Trowic · January 23, 2019, 5:30pm

Hi,

I am looking for advices to create some helpfull functions in a corporate internal package to connect and query a MS SQLServer database and a MySQL server.

I have read many times the website https://db.rstudio.com/ but i'm unable to figure out a good way to start.

Should i dive into OO programming and create a class that have methods to connect and query the db ?
Should i just write functions like :

my_conn <- function(db, user, pass){
  con <- DBI::dbConnect(odbc::odbc(),
                      Driver   = "[driver's name]",
                      Server   = "[server's path]",
                      Database = db,
                      UID      = user,
                      PWD      = pass,
                      Port     = 1433)
  con
}

How should i handle frequently used queries ? I have thought of functions like

my_super_query <- function(con, param1){
 airport <- dbSendQuery(con, "SELECT * FROM airports WHERE faa = ?")
 dbBind(airport, list(param1))
 dbFetch(airport)
}

and documenting the query in the function documentation, but is there better ways to do it ?
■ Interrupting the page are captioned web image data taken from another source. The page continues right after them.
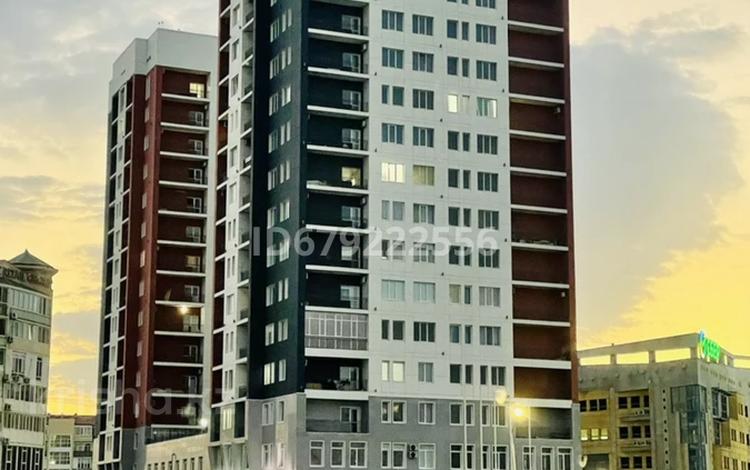 2-комнатная квартира, 70 м², 10/15 этаж, 14 микрорайон №84 участок за 34.8 млн 〒 в Актау — фото 2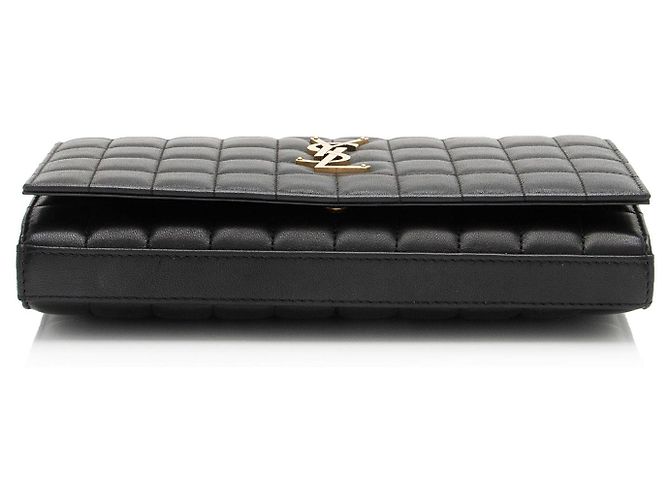 Portefeuille à chaîne Saint Laurent en agneau matelassé avec monogramme Cassandre Noir - vue 4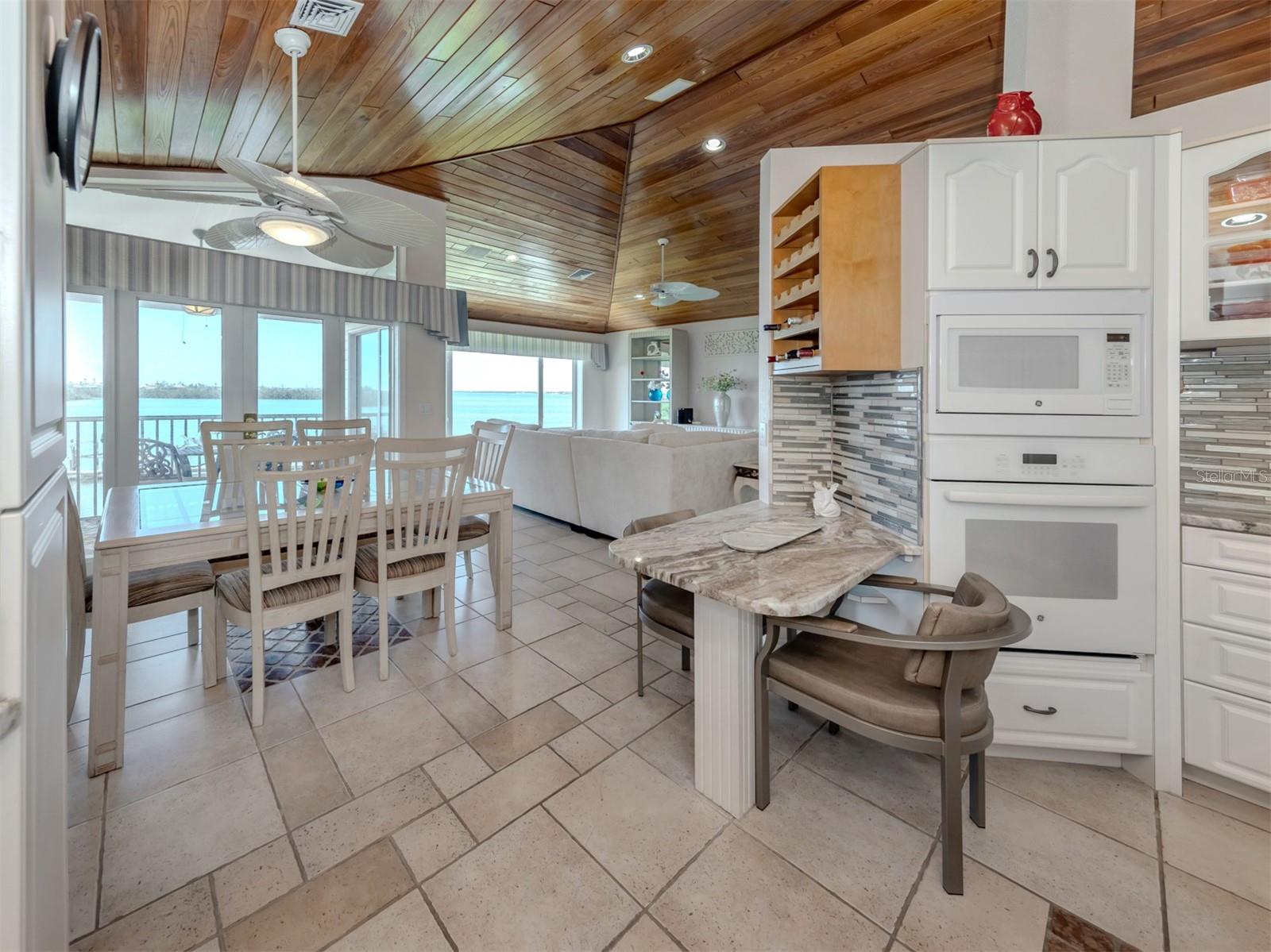 1400 Beach Rd #3 Property Photo 15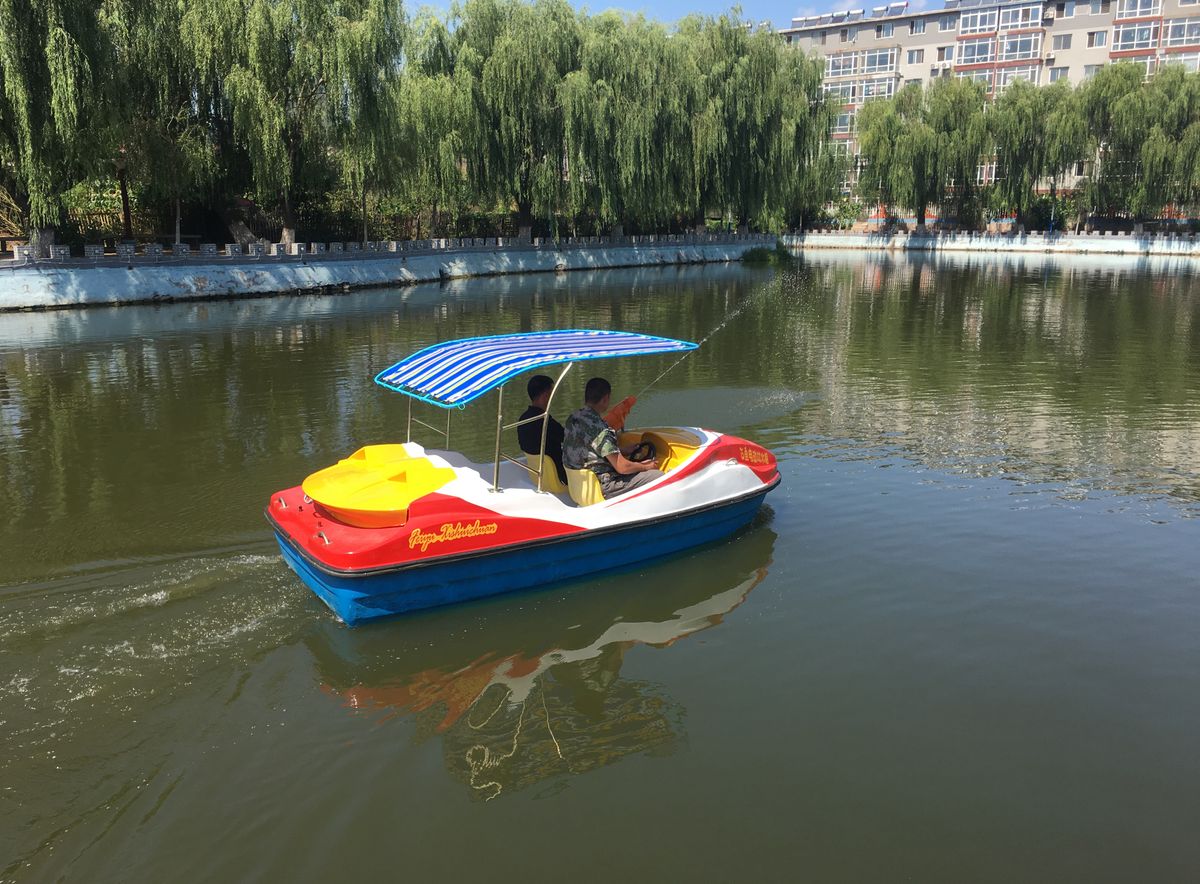 飞鱼电动戏水船 图3
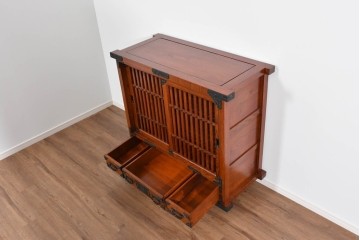 中古　超美品　上品な佇まいの格子引戸付き水屋箪笥サイドボード　(R-085239)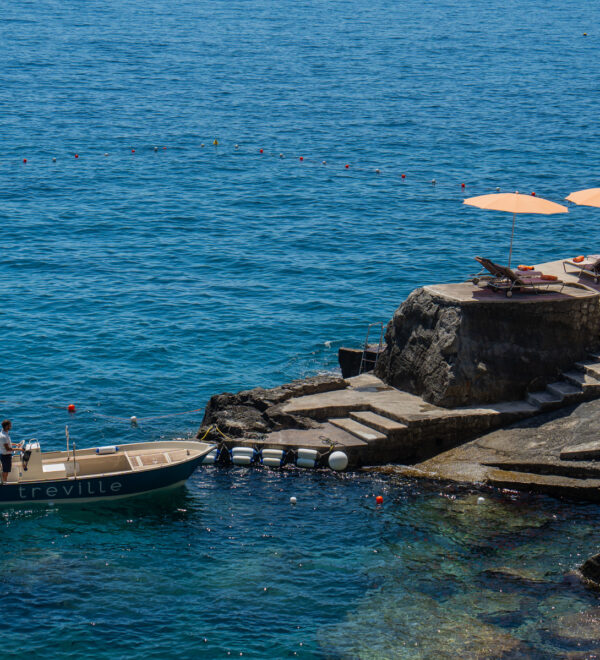 private pier POSITANO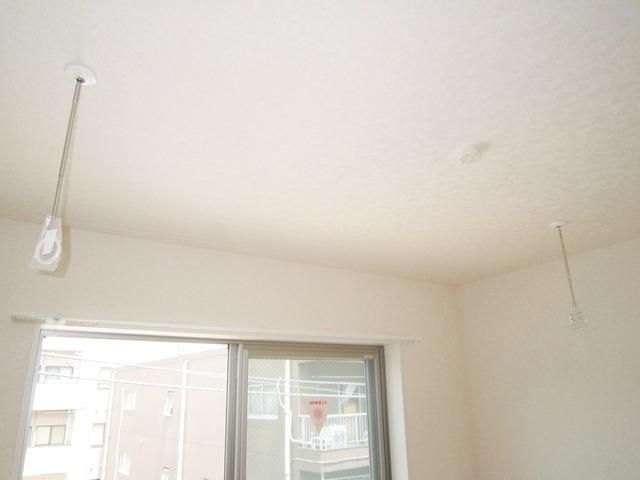 その他設備　★雨の日も干せる室内物干し★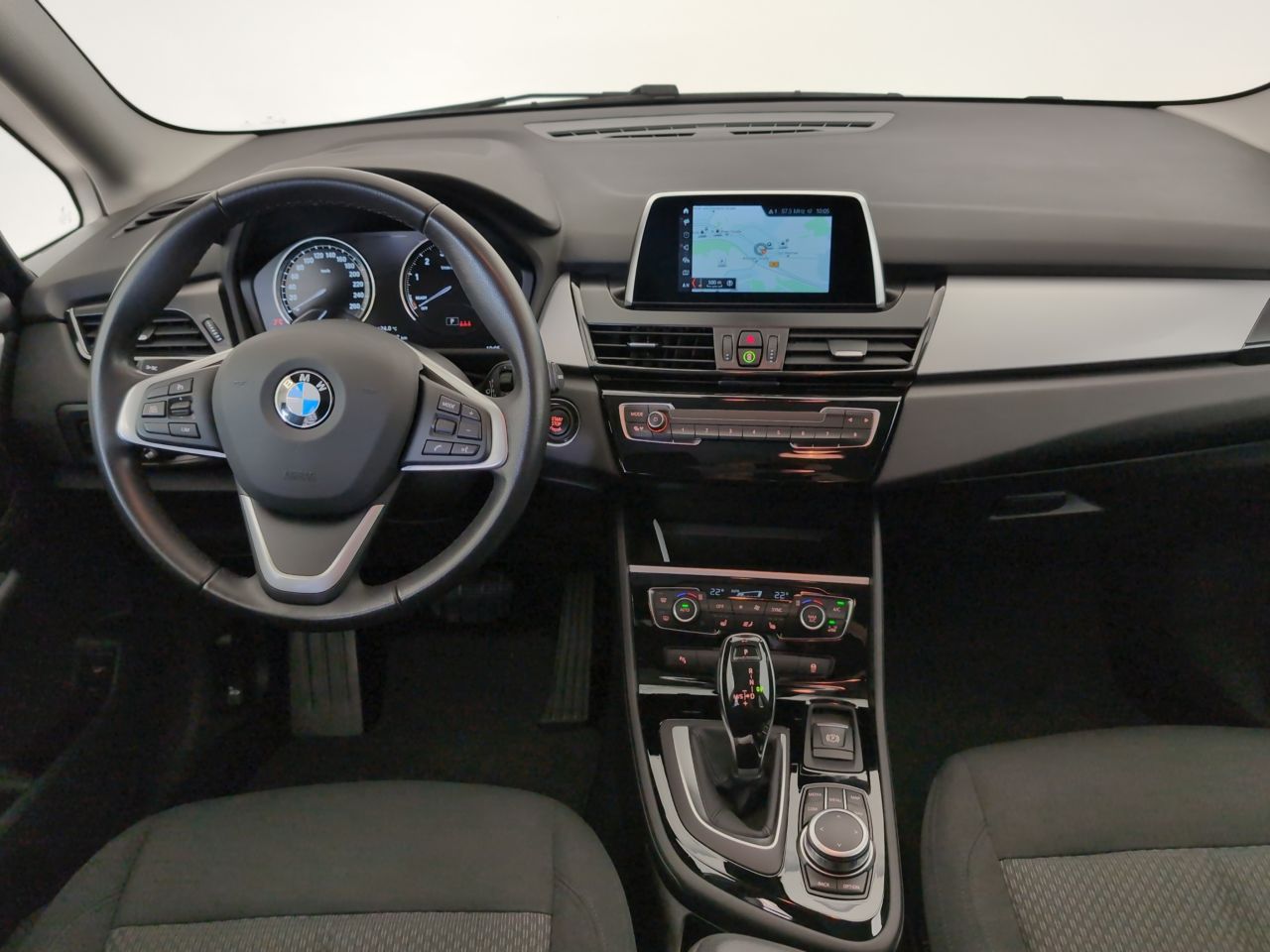 BMW 218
jdlong · January 23, 2019, 6:27pm

This is a really good question and you probably won't be surprised to learn the answer is, "Well, it depends!"

Your example for a my_conn function is good. For my internal use I added the expectation that user names and passwords for the DB would be stored in environment variables. You also may have to deal with schemas inside your connection, depending on your situation.

I notice you're not using dplyr syntax in your examples. You really should read up on dplyr in databases

In my use case, I have two big star schemas I use over and over. They have something like 10 joins in each schema. So have a function called get_warehouse_data(con, start_schema_name). The get_warehouse_data takes a connection, builds all the joins using dplyr syntax, does the joins and returns a tibble back that's a pointer to the database. Then I can take the resulting tibble and run it through dplyr functions to get it down to what I want. The nice thing about this is that no data is returned to R until the very end. And it allows you and your other users to stay in dplyr and not have to context switch between R and SQL.

Trowic · January 24, 2019, 8:49am

Thank you for your advice.

I am using dplyr, but not for databases because i couldn't until now (i am considering to switch from {RODBC} to {odbc}).
I am also wondering if it would be better to use parametrized queries or glue::glue_sql(). I think i should be consistent and not use both syntax.